A bet on base metals is a bet on China. A bet on precious metals is a bet on Obama -- Don Coxe --

His take on gold is that the breakout above $1,000 an ounce occurred when the two biggest demand markets—the jewelry industry and Indian brides—were falling off. Major central banks had stopped selling gold and India’s central bank even made a huge purchase from the IMF. Coxe indicates that gold is a barometer for relative values because it is a store of value. Gold doesn’t make you rich, it protects what you have. In a recent report, he writes that “Gold is an absolutely necessary component of any wealth building strategy.”
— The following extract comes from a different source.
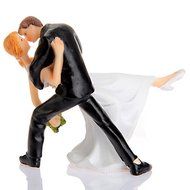 Lingstar A Romantic Dip Dancing Bride and Groom Couple Figurine Cakes Resin Decoration 13.5*7*11cm N4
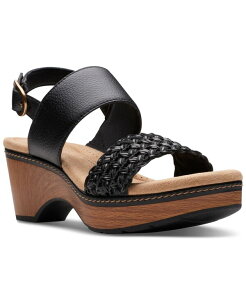 N[NX fB[X V[Y T_ vbgtH[ Clarks Seannah Step Woven Strap Clog-Style Platform Sandals Black Combi ubN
Another thread that he expands on is that there is a tremendous level of financial paper throughout the world with counterparty risk. Counterparty risk is the risk that someone can’t pay back a loan. As a result, this means the paper (loan agreement) is only as good as the credit quality of the debtor. Coxe states that gold has no counterparty risk. As a safe haven play on extraordinary levels of public debt in U.S. since the Obama Administration has taken power, the price of gold has broken and stayed above $1,000 an ounce.

Gold is a bet that paper money isn’t a good bet.” -- Don Coxe --

He also expects there will be increased consolidation in the gold mining industry with majors cleaning up their balance sheets, paying down their debts, and building cash in preparation for acquisitions. As always, he offers his preference for gold companies with “unhedged reserves in the ground in politically safe areas of the world.”

Emerging gold producers with large and expanding reserves look like good plays if Mr. Coxe is correct.

Never invest on the base of a story on page one, you invest in a story on page 16 on its way to page one. -- Don Coxe --

Give it a listen, I think you’ll enjoy his perspective.